[Work task]: An exact reproduction of all the entries is the expected answer.

[Data provided]:

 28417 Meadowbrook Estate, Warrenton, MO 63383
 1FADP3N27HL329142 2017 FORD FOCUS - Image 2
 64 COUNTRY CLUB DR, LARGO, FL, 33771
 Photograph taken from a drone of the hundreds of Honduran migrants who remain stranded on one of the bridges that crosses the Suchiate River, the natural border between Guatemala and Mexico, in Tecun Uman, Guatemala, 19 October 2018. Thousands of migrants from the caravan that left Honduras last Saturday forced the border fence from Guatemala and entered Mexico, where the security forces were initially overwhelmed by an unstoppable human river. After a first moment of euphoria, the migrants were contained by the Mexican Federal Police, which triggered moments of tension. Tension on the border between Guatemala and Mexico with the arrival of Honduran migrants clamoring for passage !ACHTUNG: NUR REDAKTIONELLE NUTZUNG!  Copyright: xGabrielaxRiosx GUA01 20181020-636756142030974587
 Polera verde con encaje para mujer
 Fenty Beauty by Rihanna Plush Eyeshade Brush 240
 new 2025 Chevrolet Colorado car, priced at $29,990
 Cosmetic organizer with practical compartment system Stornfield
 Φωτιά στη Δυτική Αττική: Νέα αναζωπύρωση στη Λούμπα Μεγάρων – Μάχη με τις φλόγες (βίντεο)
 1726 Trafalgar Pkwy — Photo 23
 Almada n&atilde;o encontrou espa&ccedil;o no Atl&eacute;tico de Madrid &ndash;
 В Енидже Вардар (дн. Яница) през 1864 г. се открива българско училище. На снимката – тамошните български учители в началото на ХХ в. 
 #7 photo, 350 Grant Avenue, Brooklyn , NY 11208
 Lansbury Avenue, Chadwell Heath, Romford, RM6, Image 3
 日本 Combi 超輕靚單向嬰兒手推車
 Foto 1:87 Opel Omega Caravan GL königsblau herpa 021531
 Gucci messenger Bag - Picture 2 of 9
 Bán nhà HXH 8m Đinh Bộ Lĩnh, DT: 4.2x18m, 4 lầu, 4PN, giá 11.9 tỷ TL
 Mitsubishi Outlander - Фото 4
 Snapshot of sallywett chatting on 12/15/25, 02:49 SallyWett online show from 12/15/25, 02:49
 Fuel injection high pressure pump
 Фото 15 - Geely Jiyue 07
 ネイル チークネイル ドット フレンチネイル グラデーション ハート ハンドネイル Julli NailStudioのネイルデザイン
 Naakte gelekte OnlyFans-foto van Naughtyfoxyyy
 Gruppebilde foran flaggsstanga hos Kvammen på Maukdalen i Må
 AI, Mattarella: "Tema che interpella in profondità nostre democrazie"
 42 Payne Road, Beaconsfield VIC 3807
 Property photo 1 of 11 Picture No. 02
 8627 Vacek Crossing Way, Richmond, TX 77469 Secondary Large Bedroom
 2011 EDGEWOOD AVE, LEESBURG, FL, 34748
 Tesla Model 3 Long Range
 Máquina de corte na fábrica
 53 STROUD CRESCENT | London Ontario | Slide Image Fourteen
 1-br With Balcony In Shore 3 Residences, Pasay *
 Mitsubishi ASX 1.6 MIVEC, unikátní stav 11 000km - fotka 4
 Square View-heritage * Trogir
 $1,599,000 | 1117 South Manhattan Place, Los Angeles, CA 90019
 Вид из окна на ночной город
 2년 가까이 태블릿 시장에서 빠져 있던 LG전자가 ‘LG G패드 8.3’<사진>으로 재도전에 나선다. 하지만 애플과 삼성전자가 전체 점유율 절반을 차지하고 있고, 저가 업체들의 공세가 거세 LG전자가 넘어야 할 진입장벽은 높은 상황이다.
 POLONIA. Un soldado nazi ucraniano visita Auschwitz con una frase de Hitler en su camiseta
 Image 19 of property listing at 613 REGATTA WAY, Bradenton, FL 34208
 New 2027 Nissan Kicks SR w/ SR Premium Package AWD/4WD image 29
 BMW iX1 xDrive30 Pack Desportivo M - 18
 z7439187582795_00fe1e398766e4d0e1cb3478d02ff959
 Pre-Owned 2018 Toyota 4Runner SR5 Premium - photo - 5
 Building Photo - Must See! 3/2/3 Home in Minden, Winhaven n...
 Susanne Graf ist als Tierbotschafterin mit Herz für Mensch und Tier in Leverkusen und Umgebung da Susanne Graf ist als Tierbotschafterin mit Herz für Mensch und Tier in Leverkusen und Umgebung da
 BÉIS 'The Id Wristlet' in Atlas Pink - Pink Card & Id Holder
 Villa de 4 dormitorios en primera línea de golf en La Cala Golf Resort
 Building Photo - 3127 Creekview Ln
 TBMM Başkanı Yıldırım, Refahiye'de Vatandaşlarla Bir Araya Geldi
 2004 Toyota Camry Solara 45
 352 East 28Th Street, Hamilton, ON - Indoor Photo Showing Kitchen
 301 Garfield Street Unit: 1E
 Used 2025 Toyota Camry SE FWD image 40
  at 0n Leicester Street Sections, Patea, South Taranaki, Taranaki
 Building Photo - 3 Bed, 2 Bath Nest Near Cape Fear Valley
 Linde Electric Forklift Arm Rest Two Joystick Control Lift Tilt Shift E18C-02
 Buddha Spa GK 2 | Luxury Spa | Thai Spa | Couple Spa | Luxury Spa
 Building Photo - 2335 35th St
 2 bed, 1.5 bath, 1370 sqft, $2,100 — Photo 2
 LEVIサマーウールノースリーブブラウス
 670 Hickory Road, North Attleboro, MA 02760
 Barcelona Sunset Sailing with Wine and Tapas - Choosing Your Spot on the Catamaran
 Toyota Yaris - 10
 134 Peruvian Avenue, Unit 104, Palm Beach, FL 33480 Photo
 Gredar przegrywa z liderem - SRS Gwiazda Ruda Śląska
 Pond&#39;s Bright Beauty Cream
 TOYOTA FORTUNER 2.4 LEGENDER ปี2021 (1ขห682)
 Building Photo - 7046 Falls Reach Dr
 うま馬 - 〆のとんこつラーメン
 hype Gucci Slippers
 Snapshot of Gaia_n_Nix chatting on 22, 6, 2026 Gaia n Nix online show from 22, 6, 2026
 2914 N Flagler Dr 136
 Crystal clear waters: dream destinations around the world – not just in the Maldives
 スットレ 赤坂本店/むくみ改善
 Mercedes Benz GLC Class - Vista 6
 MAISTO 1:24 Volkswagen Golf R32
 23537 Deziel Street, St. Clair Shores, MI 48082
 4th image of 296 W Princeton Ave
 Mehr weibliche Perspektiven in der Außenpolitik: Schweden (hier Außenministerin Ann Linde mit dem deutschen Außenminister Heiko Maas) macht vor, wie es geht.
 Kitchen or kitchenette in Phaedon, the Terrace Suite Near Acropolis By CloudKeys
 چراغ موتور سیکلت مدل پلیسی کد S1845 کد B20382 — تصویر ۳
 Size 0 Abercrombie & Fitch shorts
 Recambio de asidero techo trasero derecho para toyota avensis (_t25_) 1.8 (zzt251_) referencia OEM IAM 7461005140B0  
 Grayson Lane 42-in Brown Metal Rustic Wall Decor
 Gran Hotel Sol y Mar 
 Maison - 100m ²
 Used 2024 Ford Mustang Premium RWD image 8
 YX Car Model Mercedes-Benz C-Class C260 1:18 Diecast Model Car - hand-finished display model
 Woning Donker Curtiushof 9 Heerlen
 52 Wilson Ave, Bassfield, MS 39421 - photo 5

[Exercise solution]:
 28417 Meadowbrook Estate, Warrenton, MO 63383
 1FADP3N27HL329142 2017 FORD FOCUS - Image 2
 64 COUNTRY CLUB DR, LARGO, FL, 33771
 Photograph taken from a drone of the hundreds of Honduran migrants who remain stranded on one of the bridges that crosses the Suchiate River, the natural border between Guatemala and Mexico, in Tecun Uman, Guatemala, 19 October 2018. Thousands of migrants from the caravan that left Honduras last Saturday forced the border fence from Guatemala and entered Mexico, where the security forces were initially overwhelmed by an unstoppable human river. After a first moment of euphoria, the migrants were contained by the Mexican Federal Police, which triggered moments of tension. Tension on the border between Guatemala and Mexico with the arrival of Honduran migrants clamoring for passage !ACHTUNG: NUR REDAKTIONELLE NUTZUNG!  Copyright: xGabrielaxRiosx GUA01 20181020-636756142030974587
 Polera verde con encaje para mujer
 Fenty Beauty by Rihanna Plush Eyeshade Brush 240
 new 2025 Chevrolet Colorado car, priced at $29,990
 Cosmetic organizer with practical compartment system Stornfield
 Φωτιά στη Δυτική Αττική: Νέα αναζωπύρωση στη Λούμπα Μεγάρων – Μάχη με τις φλόγες (βίντεο)
 1726 Trafalgar Pkwy — Photo 23
 Almada n&atilde;o encontrou espa&ccedil;o no Atl&eacute;tico de Madrid &ndash;
 В Енидже Вардар (дн. Яница) през 1864 г. се открива българско училище. На снимката – тамошните български учители в началото на ХХ в. 
 #7 photo, 350 Grant Avenue, Brooklyn , NY 11208
 Lansbury Avenue, Chadwell Heath, Romford, RM6, Image 3
 日本 Combi 超輕靚單向嬰兒手推車
 Foto 1:87 Opel Omega Caravan GL königsblau herpa 021531
 Gucci messenger Bag - Picture 2 of 9
 Bán nhà HXH 8m Đinh Bộ Lĩnh, DT: 4.2x18m, 4 lầu, 4PN, giá 11.9 tỷ TL
 Mitsubishi Outlander - Фото 4
 Snapshot of sallywett chatting on 12/15/25, 02:49 SallyWett online show from 12/15/25, 02:49
 Fuel injection high pressure pump
 Фото 15 - Geely Jiyue 07
 ネイル チークネイル ドット フレンチネイル グラデーション ハート ハンドネイル Julli NailStudioのネイルデザイン
 Naakte gelekte OnlyFans-foto van Naughtyfoxyyy
 Gruppebilde foran flaggsstanga hos Kvammen på Maukdalen i Må
 AI, Mattarella: "Tema che interpella in profondità nostre democrazie"
 42 Payne Road, Beaconsfield VIC 3807
 Property photo 1 of 11 Picture No. 02
 8627 Vacek Crossing Way, Richmond, TX 77469 Secondary Large Bedroom
 2011 EDGEWOOD AVE, LEESBURG, FL, 34748
 Tesla Model 3 Long Range
 Máquina de corte na fábrica
 53 STROUD CRESCENT | London Ontario | Slide Image Fourteen
 1-br With Balcony In Shore 3 Residences, Pasay *
 Mitsubishi ASX 1.6 MIVEC, unikátní stav 11 000km - fotka 4
 Square View-heritage * Trogir
 $1,599,000 | 1117 South Manhattan Place, Los Angeles, CA 90019
 Вид из окна на ночной город
 2년 가까이 태블릿 시장에서 빠져 있던 LG전자가 ‘LG G패드 8.3’<사진>으로 재도전에 나선다. 하지만 애플과 삼성전자가 전체 점유율 절반을 차지하고 있고, 저가 업체들의 공세가 거세 LG전자가 넘어야 할 진입장벽은 높은 상황이다.
 POLONIA. Un soldado nazi ucraniano visita Auschwitz con una frase de Hitler en su camiseta
 Image 19 of property listing at 613 REGATTA WAY, Bradenton, FL 34208
 New 2027 Nissan Kicks SR w/ SR Premium Package AWD/4WD image 29
 BMW iX1 xDrive30 Pack Desportivo M - 18
 z7439187582795_00fe1e398766e4d0e1cb3478d02ff959
 Pre-Owned 2018 Toyota 4Runner SR5 Premium - photo - 5
 Building Photo - Must See! 3/2/3 Home in Minden, Winhaven n...
 Susanne Graf ist als Tierbotschafterin mit Herz für Mensch und Tier in Leverkusen und Umgebung da Susanne Graf ist als Tierbotschafterin mit Herz für Mensch und Tier in Leverkusen und Umgebung da
 BÉIS 'The Id Wristlet' in Atlas Pink - Pink Card & Id Holder
 Villa de 4 dormitorios en primera línea de golf en La Cala Golf Resort
 Building Photo - 3127 Creekview Ln
 TBMM Başkanı Yıldırım, Refahiye'de Vatandaşlarla Bir Araya Geldi
 2004 Toyota Camry Solara 45
 352 East 28Th Street, Hamilton, ON - Indoor Photo Showing Kitchen
 301 Garfield Street Unit: 1E
 Used 2025 Toyota Camry SE FWD image 40
  at 0n Leicester Street Sections, Patea, South Taranaki, Taranaki
 Building Photo - 3 Bed, 2 Bath Nest Near Cape Fear Valley
 Linde Electric Forklift Arm Rest Two Joystick Control Lift Tilt Shift E18C-02
 Buddha Spa GK 2 | Luxury Spa | Thai Spa | Couple Spa | Luxury Spa
 Building Photo - 2335 35th St
 2 bed, 1.5 bath, 1370 sqft, $2,100 — Photo 2
 LEVIサマーウールノースリーブブラウス
 670 Hickory Road, North Attleboro, MA 02760
 Barcelona Sunset Sailing with Wine and Tapas - Choosing Your Spot on the Catamaran
 Toyota Yaris - 10
 134 Peruvian Avenue, Unit 104, Palm Beach, FL 33480 Photo
 Gredar przegrywa z liderem - SRS Gwiazda Ruda Śląska
 Pond&#39;s Bright Beauty Cream
 TOYOTA FORTUNER 2.4 LEGENDER ปี2021 (1ขห682)
 Building Photo - 7046 Falls Reach Dr
 うま馬 - 〆のとんこつラーメン
 hype Gucci Slippers
 Snapshot of Gaia_n_Nix chatting on 22, 6, 2026 Gaia n Nix online show from 22, 6, 2026
 2914 N Flagler Dr 136
 Crystal clear waters: dream destinations around the world – not just in the Maldives
 スットレ 赤坂本店/むくみ改善
 Mercedes Benz GLC Class - Vista 6
 MAISTO 1:24 Volkswagen Golf R32
 23537 Deziel Street, St. Clair Shores, MI 48082
 4th image of 296 W Princeton Ave
 Mehr weibliche Perspektiven in der Außenpolitik: Schweden (hier Außenministerin Ann Linde mit dem deutschen Außenminister Heiko Maas) macht vor, wie es geht.
 Kitchen or kitchenette in Phaedon, the Terrace Suite Near Acropolis By CloudKeys
 چراغ موتور سیکلت مدل پلیسی کد S1845 کد B20382 — تصویر ۳
 Size 0 Abercrombie & Fitch shorts
 Recambio de asidero techo trasero derecho para toyota avensis (_t25_) 1.8 (zzt251_) referencia OEM IAM 7461005140B0  
 Grayson Lane 42-in Brown Metal Rustic Wall Decor
 Gran Hotel Sol y Mar 
 Maison - 100m ²
 Used 2024 Ford Mustang Premium RWD image 8
 YX Car Model Mercedes-Benz C-Class C260 1:18 Diecast Model Car - hand-finished display model
 Woning Donker Curtiushof 9 Heerlen
 52 Wilson Ave, Bassfield, MS 39421 - photo 5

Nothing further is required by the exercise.